近畿大学医学部放射線医学教室 放射線腫瘍学部門
教授 西村恭昌

私は大学院で生物実験をしていた関係で、Kentucky大学の浦野宗保先生のところに留学できました。33歳の時です。浦野先生は、放射線生物学者としてMD Anderson CCやMGHなどで研究されていた先生で、ちょうどそのころKentucky大学に移られたところでした。

当時は遺伝子レベルの分子生物学的な研究が始められたころでしたが、私は留学の1年半の間、ひたすらアニマルコロニーでマウスの足に腫瘍を植えて、5mmぐらいに育ったところで、動物用のコバルト装置で1回から20回までの分割照射を行い、120日間観察してこれが何%治癒するかというTCD50の実験、あるいは急性皮膚反応やマウス下肢に対する晩期障害の実験を行いました。自分でがんを作って放射線で治すという、実にどろくさい実験です。1年半で約2500匹のマウスを使いました。

留学までの私の放射線治療経験は未熟なもので、この実験を通して、放射線でがんが治癒することを初めて体感しました。それまでは放射線で治るがんもあるなあとは思っていたのですが、線量さえ十分かければがんは100%制御できることを確信しました。

一方で、合計90-100Gyかけたマウスの下肢は120日後に観察すると溶けてなくなっており晩期障害の怖さも理解できました。数千匹のマウスのおかげで放射線治療に開眼したといっても過言ではありません。

また、日本での生活と違い留学中は考える時間があり、分割照射中に起こる再酸素化や急速再増殖、LQモデルに関する論文をたくさん読むことができました。これらをもとに論文を2つ書きましたが、それ以上にこの経験は帰国してからの臨床診療に役立ちました。

マウス実験そのものは実に単調な肉体労働で、気分転換にとゴルフを始めました。浦野先生ご夫妻が大のゴルフ好きで、週末は何度もご一緒させていただきました。Kentucky州は、ニックネームがBluegrass stateでそこらじゅう芝生です。Kentuckyダービーが有名でサラブレッドの育成が盛んですが、穴をほって旗をたてればゴルフ場ができるようなところです。おかげでパブリックの安いゴルフ場は10ドルぐらいで回れました。
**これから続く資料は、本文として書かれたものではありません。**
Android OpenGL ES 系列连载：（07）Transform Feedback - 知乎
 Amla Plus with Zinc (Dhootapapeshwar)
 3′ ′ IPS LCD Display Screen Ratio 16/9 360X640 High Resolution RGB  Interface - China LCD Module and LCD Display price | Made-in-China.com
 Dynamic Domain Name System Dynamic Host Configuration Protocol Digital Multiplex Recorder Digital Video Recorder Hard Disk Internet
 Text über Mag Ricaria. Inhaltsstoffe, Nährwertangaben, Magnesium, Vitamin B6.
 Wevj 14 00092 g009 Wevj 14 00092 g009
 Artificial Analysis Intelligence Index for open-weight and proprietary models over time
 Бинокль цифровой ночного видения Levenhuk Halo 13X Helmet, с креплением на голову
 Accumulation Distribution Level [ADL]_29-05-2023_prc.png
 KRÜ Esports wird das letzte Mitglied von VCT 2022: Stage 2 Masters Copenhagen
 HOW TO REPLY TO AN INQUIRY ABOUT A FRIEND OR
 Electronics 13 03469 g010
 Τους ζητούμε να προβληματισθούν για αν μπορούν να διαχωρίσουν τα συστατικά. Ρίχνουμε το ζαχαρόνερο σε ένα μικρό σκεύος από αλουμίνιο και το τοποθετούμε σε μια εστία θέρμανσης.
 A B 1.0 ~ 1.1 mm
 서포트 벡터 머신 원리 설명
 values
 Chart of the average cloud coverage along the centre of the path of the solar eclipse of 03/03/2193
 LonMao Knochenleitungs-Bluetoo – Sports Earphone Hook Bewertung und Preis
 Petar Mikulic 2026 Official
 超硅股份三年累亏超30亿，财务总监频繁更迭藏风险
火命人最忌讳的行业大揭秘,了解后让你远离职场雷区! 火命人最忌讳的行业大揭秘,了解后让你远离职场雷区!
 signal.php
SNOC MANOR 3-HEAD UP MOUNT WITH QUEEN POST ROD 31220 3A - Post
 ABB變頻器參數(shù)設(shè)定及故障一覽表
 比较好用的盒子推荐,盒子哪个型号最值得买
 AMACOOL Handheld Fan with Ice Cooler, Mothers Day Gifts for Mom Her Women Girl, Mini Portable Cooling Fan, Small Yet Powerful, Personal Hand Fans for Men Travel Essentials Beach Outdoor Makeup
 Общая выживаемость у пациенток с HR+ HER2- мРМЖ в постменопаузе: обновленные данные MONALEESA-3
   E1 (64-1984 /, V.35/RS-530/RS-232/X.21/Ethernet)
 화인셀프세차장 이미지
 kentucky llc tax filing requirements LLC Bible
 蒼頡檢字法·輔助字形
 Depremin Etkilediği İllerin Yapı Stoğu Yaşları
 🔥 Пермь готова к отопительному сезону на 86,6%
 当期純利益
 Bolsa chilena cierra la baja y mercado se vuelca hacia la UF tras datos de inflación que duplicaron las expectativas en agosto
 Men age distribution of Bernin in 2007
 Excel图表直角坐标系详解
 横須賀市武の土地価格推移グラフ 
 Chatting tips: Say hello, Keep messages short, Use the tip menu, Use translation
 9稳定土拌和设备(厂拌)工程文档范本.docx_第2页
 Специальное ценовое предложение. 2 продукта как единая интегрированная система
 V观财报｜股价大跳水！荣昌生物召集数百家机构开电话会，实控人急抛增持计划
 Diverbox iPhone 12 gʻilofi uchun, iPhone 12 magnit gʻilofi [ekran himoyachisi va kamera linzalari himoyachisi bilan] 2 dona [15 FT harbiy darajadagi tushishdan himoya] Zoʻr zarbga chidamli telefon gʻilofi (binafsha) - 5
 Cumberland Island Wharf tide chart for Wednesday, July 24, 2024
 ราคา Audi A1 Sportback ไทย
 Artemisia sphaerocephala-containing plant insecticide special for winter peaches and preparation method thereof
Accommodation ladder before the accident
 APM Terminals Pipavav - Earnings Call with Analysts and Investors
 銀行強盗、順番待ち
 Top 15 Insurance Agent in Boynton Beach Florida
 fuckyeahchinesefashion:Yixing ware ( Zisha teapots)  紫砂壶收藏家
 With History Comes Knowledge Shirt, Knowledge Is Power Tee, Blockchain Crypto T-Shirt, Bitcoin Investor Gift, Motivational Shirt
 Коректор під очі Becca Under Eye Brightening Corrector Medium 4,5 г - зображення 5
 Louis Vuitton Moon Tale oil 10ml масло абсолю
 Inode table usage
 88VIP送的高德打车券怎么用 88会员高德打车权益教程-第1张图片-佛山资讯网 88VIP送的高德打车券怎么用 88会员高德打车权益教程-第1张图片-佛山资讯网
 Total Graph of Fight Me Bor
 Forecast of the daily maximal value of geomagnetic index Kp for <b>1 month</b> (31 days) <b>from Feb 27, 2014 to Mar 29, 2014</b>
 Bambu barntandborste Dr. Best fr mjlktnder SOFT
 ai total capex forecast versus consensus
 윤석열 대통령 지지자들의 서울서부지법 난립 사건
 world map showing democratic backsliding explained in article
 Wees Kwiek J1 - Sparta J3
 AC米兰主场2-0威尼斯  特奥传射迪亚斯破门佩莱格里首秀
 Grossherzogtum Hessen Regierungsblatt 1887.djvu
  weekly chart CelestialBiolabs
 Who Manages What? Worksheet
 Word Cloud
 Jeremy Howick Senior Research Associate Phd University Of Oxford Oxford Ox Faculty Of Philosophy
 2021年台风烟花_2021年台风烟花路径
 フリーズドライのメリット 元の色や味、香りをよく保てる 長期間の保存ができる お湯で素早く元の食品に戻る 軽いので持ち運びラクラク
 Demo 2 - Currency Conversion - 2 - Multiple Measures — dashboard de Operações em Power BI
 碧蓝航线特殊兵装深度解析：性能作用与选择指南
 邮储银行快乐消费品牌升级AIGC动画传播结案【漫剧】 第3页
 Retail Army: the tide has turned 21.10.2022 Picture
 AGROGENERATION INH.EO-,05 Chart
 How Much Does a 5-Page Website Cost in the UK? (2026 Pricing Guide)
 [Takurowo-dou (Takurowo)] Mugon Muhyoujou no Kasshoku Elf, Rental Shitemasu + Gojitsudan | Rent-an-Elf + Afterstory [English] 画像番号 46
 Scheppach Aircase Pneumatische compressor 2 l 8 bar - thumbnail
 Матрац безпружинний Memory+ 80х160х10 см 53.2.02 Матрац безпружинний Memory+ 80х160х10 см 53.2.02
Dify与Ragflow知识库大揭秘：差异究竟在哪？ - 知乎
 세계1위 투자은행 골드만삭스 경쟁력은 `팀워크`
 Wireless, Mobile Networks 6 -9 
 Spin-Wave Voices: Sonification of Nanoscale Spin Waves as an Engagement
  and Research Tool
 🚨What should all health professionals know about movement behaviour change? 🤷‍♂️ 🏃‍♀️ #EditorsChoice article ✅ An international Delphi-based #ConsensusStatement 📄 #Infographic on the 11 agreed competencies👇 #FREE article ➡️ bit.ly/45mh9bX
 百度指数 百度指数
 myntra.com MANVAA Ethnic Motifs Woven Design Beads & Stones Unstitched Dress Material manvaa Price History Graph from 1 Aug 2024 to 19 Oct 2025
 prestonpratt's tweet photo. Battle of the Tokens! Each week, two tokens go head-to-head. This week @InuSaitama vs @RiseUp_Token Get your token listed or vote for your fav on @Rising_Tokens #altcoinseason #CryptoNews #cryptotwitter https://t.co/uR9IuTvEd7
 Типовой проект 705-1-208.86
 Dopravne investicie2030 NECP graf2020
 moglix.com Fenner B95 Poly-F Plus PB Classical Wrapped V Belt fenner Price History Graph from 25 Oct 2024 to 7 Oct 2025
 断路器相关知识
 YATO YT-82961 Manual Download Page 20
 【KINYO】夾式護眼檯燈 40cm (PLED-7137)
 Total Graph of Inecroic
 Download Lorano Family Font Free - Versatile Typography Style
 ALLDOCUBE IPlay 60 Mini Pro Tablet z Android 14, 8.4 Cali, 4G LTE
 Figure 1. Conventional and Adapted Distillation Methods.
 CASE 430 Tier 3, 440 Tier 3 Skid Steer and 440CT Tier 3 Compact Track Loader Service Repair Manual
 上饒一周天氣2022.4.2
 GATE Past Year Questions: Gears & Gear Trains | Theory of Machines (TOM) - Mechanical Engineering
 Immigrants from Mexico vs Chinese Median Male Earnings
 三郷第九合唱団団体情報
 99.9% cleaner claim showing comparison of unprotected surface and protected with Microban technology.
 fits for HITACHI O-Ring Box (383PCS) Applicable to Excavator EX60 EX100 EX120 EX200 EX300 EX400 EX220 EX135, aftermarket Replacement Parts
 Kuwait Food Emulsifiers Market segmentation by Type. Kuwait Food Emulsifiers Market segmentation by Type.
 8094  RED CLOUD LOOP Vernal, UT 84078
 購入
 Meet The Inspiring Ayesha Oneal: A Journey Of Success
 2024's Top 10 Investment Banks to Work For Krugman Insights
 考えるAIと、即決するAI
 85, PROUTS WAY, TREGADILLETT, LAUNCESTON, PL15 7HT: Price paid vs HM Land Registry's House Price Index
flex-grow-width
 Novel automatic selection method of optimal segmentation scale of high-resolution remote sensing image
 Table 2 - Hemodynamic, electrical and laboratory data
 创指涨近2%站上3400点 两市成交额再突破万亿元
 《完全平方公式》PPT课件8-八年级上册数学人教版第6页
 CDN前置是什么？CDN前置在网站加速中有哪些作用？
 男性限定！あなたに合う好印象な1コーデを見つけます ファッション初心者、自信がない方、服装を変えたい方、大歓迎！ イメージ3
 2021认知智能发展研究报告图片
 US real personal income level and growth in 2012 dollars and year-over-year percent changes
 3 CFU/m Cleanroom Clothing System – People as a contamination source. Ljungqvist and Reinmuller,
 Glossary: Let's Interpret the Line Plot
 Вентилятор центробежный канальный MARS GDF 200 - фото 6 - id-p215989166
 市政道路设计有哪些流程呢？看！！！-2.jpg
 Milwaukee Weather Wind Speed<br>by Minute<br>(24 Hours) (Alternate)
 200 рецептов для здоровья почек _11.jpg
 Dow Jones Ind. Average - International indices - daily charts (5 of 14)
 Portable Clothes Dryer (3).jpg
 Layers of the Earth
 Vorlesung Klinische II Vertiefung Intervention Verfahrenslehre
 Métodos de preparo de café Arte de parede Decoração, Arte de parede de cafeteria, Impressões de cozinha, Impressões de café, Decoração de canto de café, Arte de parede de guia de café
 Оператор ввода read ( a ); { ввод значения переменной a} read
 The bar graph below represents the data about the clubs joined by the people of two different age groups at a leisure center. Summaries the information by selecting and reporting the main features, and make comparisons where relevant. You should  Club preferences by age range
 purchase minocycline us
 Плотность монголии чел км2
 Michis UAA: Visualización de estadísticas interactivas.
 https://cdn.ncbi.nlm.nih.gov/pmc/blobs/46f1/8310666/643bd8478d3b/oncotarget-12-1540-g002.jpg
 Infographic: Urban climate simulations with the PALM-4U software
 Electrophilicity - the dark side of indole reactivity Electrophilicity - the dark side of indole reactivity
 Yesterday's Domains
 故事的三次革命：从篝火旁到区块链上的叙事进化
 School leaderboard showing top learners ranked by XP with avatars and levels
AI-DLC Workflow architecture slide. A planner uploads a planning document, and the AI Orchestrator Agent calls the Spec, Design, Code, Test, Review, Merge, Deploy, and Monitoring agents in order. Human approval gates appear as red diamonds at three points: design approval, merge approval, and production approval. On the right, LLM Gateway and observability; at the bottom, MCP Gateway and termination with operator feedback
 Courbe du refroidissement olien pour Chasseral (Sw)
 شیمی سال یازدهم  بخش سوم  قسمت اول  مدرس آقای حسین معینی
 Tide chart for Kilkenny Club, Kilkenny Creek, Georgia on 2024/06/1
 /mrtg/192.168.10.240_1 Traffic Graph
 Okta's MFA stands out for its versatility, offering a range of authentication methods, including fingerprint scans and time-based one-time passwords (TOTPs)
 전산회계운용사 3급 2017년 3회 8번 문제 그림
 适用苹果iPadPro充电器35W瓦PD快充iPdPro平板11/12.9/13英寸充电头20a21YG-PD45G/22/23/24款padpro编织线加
週末だけでは足らず、実験が早く終わる日には浦野先生に許可をもらって平日の午後3時ごろから一人でゴルフ場に行き、知らないアメリカンと一緒に回りました。いつも最後に言われた言葉は、More practiceでした。サマータイムのありがたさを知ったのもこのためです。

帰国してしばらくは休日は子供と遊ぶのが楽しく、ゴルフはあまりしませんでした。しかし今や長女は大学生、留学中にアメリカで生まれた二女も高校3年生で一緒に遊べる歳ではなく、チャンスがあればゴルフをしています。特に研究会や学会のついでに全国各地でゴルフをするが大きな楽しみです。

もうひとつ浦野先生から学んだことがあります。浦野先生がInt J Radiat Oncol Biol Physに投稿した際、そのレフェリーのコメントに「英語が下手である」と書かれてあり、それに対する先生のコメントは「この雑誌はInternational Journalだから多少英語が下手でもたいした問題ではないだろう」と真っ向から反論されたことでした。それまでレフェリーのコメントには従うものと思っていたのが、論文を通すのはレフェリーとの闘いであることを学びました。

以上まったく個人的な経験ですが、留学は私の人生に大きな影響を与えてくれました。